Terngiang kembali gugatan dua
pendiri partai sekaligus bapak bangsa; Thomas Jefferson dan Soekarno terhadap
partai politik. Menurut Jefferson (1789); "If I could not go to heaven but
with a party, I would not go there at all (kalau saya tidak bisa ke surga tanpa
sebuah partai politik, saya lebih memilih untuk tidak pergi ke sana sama
sekali." Dan bagi Soekarno (1956); "Marilah sekarang bersama-sama
kita menguburkan semua partai!".
Partai
politik peserta pemilu.
Dua pernyataan tersebut merefleksikan harapan sekaligus kekhawatiran. Partai
diharapkan bisa memobilisasi dan mengartikulasi aspirasi, tapi dapat pula
meruntuhkan kolektivitas bangsa karena partisi yang lebih ditonjolkan. Partai
yang merepresentasikan irisan sosial dieksploitasi melampaui dasar kebangsaan.

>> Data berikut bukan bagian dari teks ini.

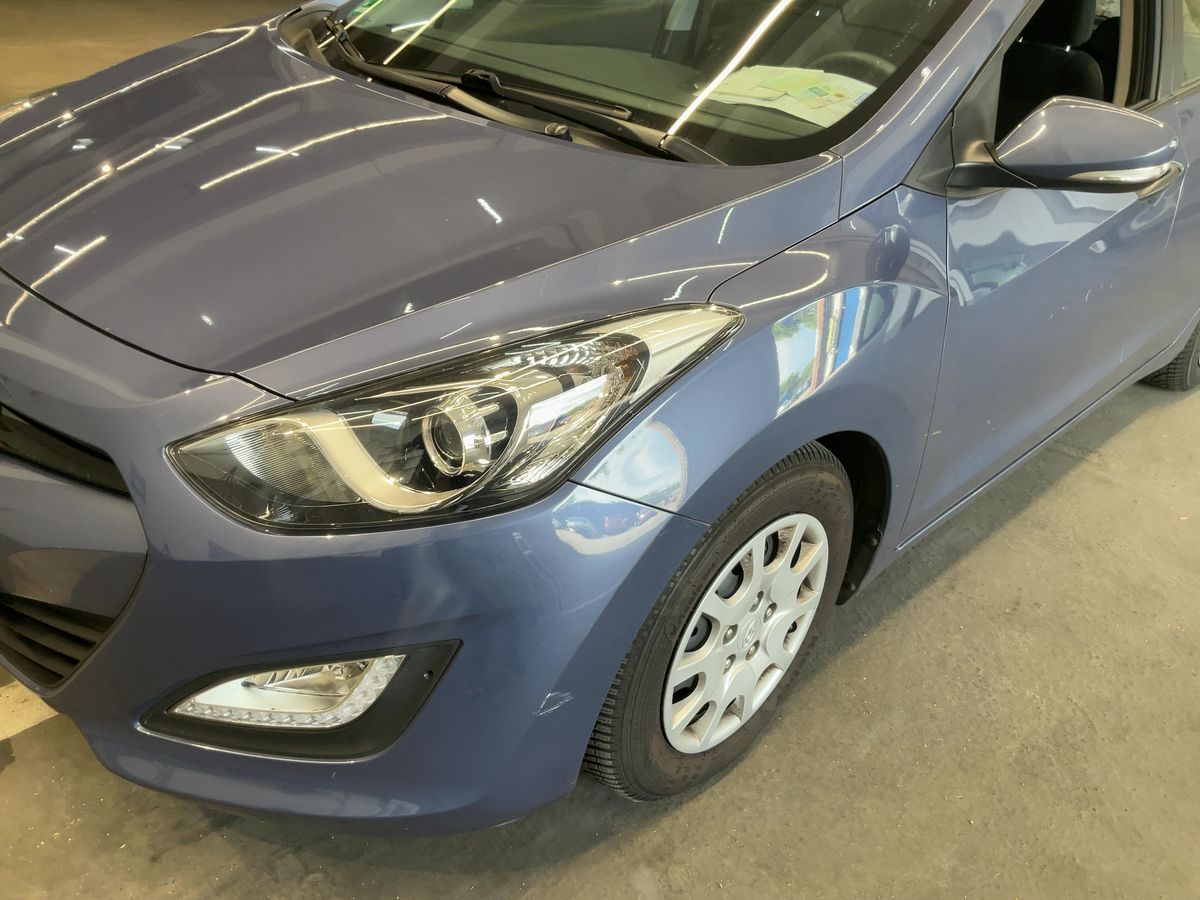 Hyundai i30 d'occasion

Tampaknya kekhawatiran itu masih cukup relevan melihat fenomena parpol saat ini
yang lebih memikirkan kepentingan diri daripada konstituennya.
Akibatnya, seperti dilansir beberapa lembaga survei, opini masyarakat terhadap partai politik relatif buruk. Menurut hasil survei Indobarometer, Maret 2017, sebanyak 51,3 persen masyarakat menilai partai politik buruk. Akibatnya masyarakat merasa tidak dekat dengan partai politik (62,9 persen). Hal serupa juga ditunjukkan oleh hasil survei Saiful Mujani Research and Consulting (SMRC) pada Oktober 2016.
Terjadi penurunan tingkat kedekatan
masyarakat terhadap partai politik dari 10 persen menjadi 9 persen. Opini buruk
dan jarak masyarakat terhadap partai politik memperlihatkan belum maksimalnya
fungsi artikulasi publik. Bahkan dalam kasus tertentu partai politik menjadi
penyumbang menguatnya sekat primordial untuk kepentingan pragmatis.
Problem institusi
Dua tantangan terbesar agenda kebangsaan yang cenderung menguat saat ini adalah, pertama, intoleransi. Gejala intoleransi semakin kasat mata melalui penegasian terhadap kelompok yang berbeda atau memberi ruang bagi munculnya primordialisme.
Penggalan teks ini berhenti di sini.